5.3. Comprehensive Value Evaluation Results and Analysis

This study integrated the core tenets of China’s “carbon-neutral” objective for 2060 into the comprehensive value evaluation system of RSES. Under this target vision, the indices of low-carbon value, such as A1–A8, are directly benchmarked against the theoretical optimal values under a carbon neutrality pathway. For instance, the rate of new energy consumption approaches 100%, and emissions of carbon dioxide and other pollutants approach zero. The indices of reliability value, such as B1–B5, serve the security and stability requirements of a new power system with high penetration of renewable energy. For instance, the reliability of the power supply and the rate of voltage eligibility approach 100%, and the indices of power quality approach the optimal value. The indices of economic value, such as C1–C9, are defined by the anticipated technological advancement and market evolution under the objective. For instance, various costs approach the theoretical minimum under industry-leading technological constraints, while various benefits approach the theoretical maximum permitted by market mechanisms and system needs.

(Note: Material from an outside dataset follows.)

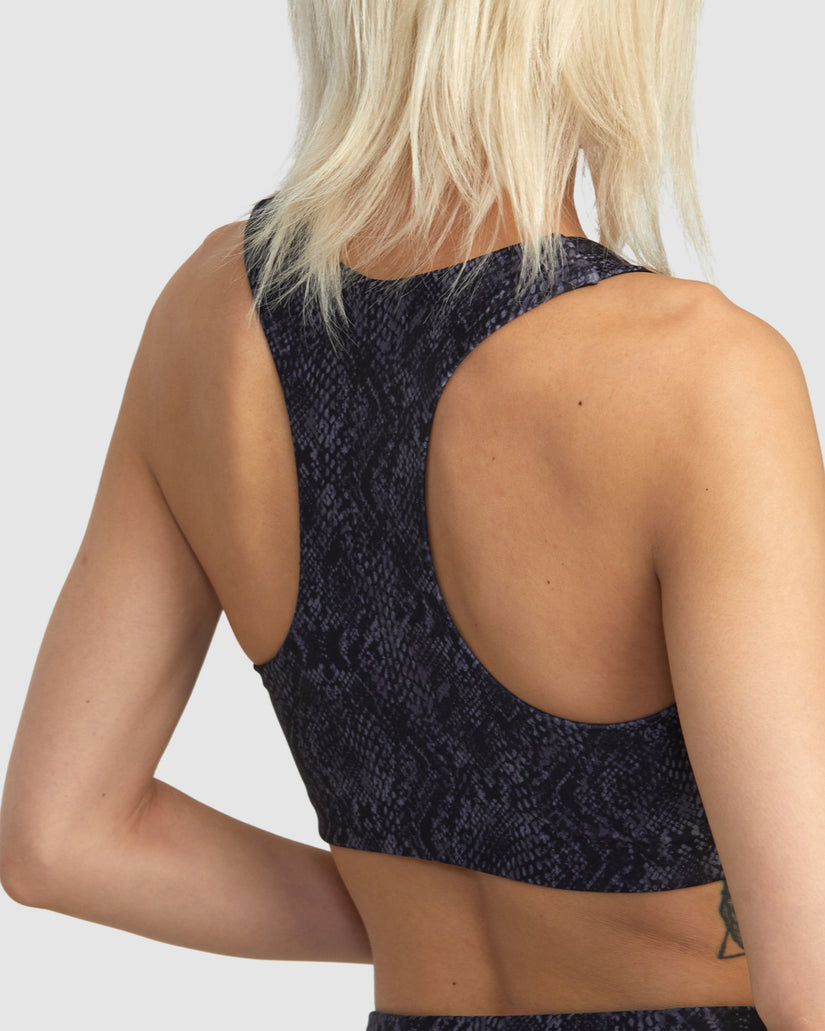 Womens VA Essential Mid Support Bra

In the improved TOPSIS, the target values of the 22 indices across the three dimensions collectively constitute the target solution. The relative proximity of each operation model across several scenarios to the ideal solution can be calculated by applying Equations (46)–(52). The evaluation schemes 1 to 6 include capacity allocation, energy aggregation, capacity leasing, service purchase, internal sharing, and external sharing of the RSES operation model. The results of various scenarios are shown in

Table 4. The relative proximity of evaluation schemes in multi-scenario.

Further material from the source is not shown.